■ **INPUT**
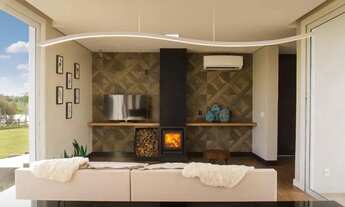 Imagem 4: Sítio à venda, Águas Claras I (Águas Claras) - Viamão/RS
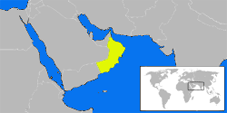 omanmap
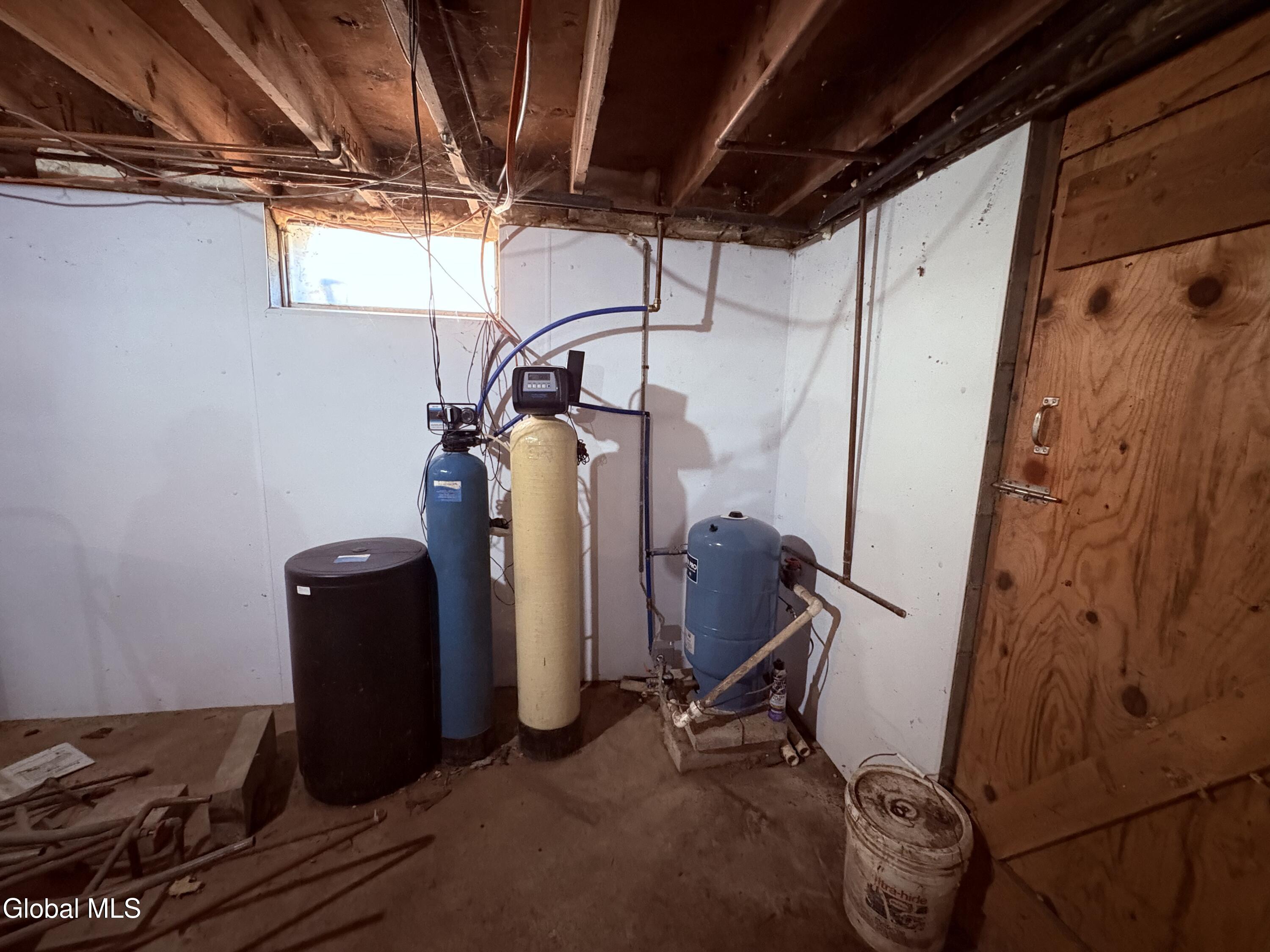 116 Cook Road Wright, NY 12157 - Photo 36 of 41 Photo Apr 08 2026, 11 01 11 AM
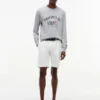 トミー × US SailGP チーム プロパティ スウェットシャツ トミー × US SailGP チーム プロパティ スウェットシャツ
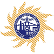 Kurganskaya Generiruyushchaya Company Preferred Stock logo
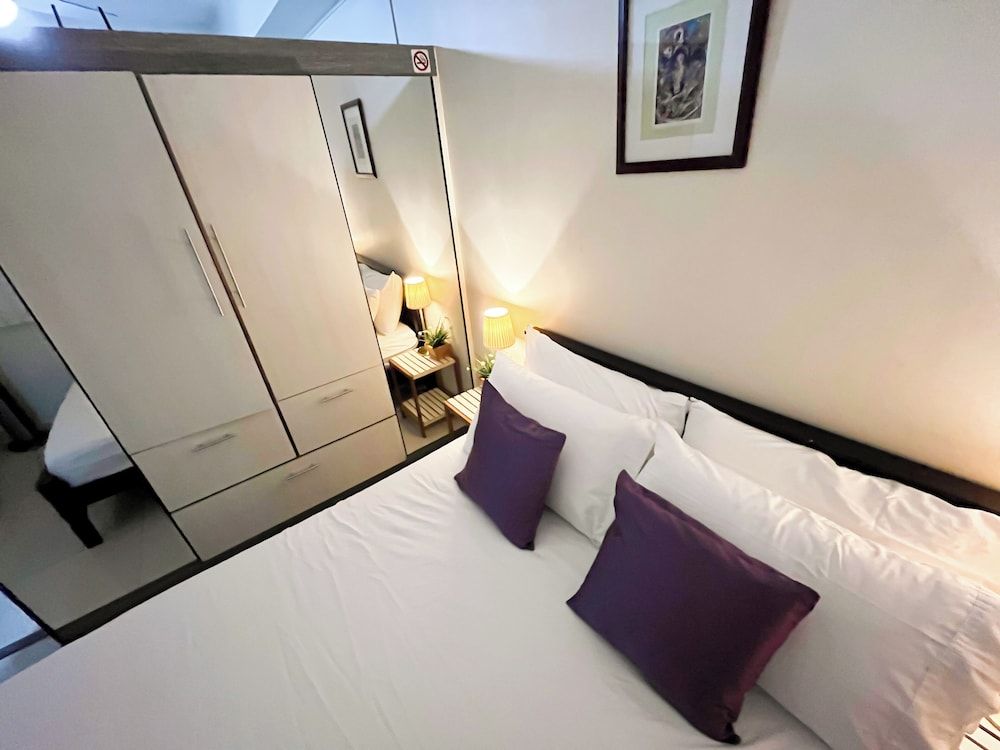 undefined Justcondos at Sea Residences 9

■ **WORK ORDER**
Strip out the images, then output the records above word for word.

■ **YOUR RESPONSE**
 Imagem 4: Sítio à venda, Águas Claras I (Águas Claras) - Viamão/RS
 omanmap
 116 Cook Road Wright, NY 12157 - Photo 36 of 41 Photo Apr 08 2026, 11 01 11 AM
 トミー × US SailGP チーム プロパティ スウェットシャツ トミー × US SailGP チーム プロパティ スウェットシャツ
 Kurganskaya Generiruyushchaya Company Preferred Stock logo
 undefined Justcondos at Sea Residences 9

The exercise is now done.